- _Task goal_
Retype each line below precisely and omit all images.
(Information provided Opens)
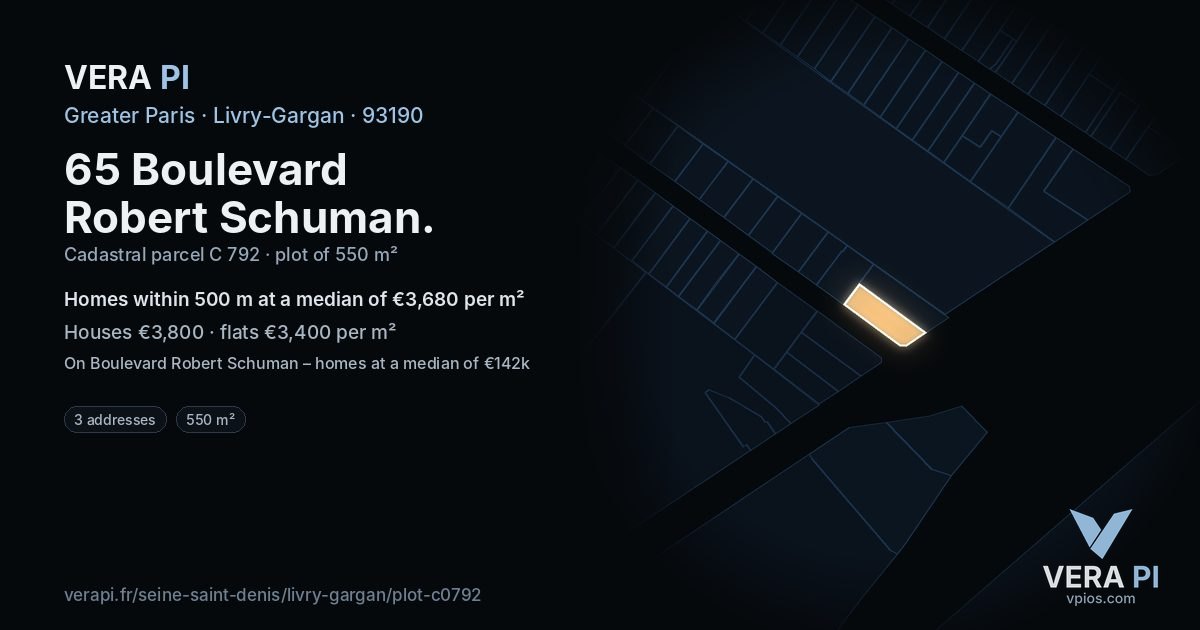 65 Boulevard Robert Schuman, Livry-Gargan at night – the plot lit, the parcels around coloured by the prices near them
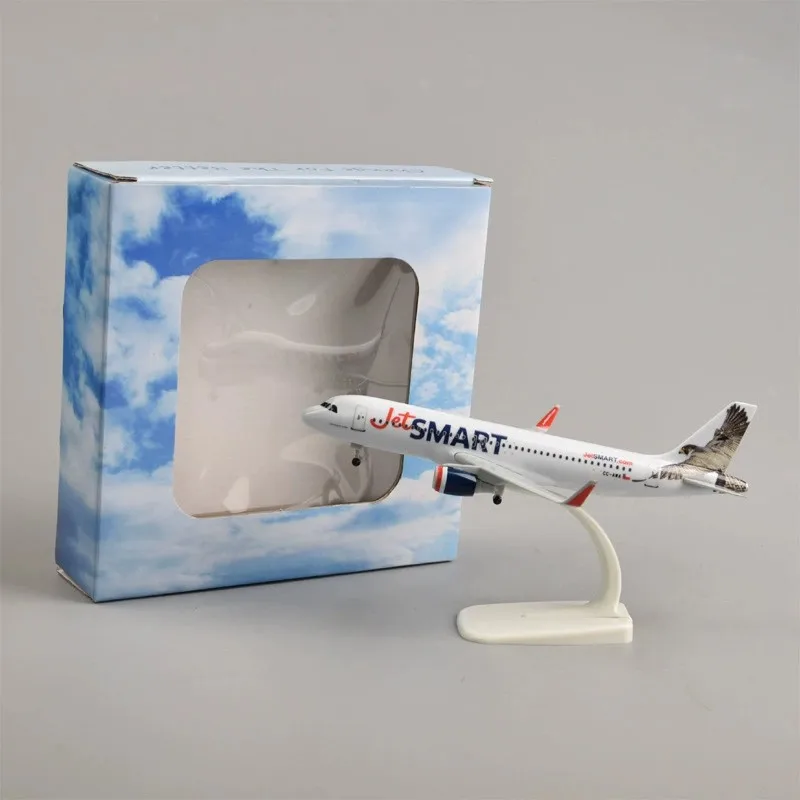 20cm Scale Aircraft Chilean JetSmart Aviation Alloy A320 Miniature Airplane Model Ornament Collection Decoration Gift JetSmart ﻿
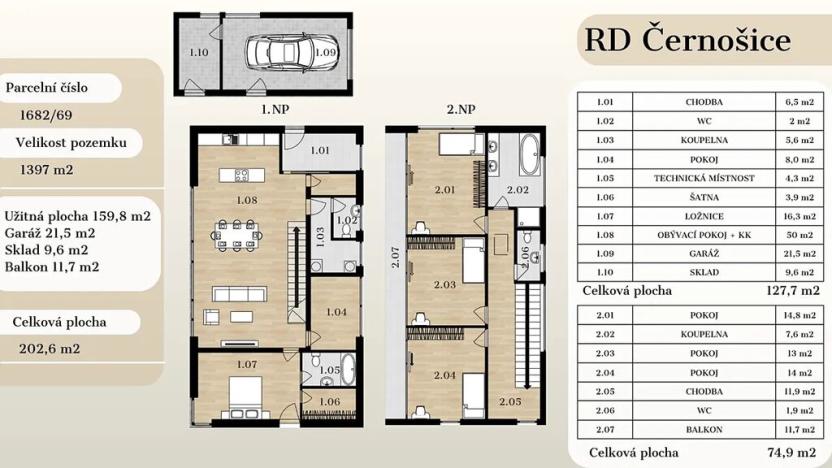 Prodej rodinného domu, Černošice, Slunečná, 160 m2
(Information provided Closes)
- _Written response_
 65 Boulevard Robert Schuman, Livry-Gargan at night – the plot lit, the parcels around coloured by the prices near them
 20cm Scale Aircraft Chilean JetSmart Aviation Alloy A320 Miniature Airplane Model Ornament Collection Decoration Gift JetSmart ﻿
 Prodej rodinného domu, Černošice, Slunečná, 160 m2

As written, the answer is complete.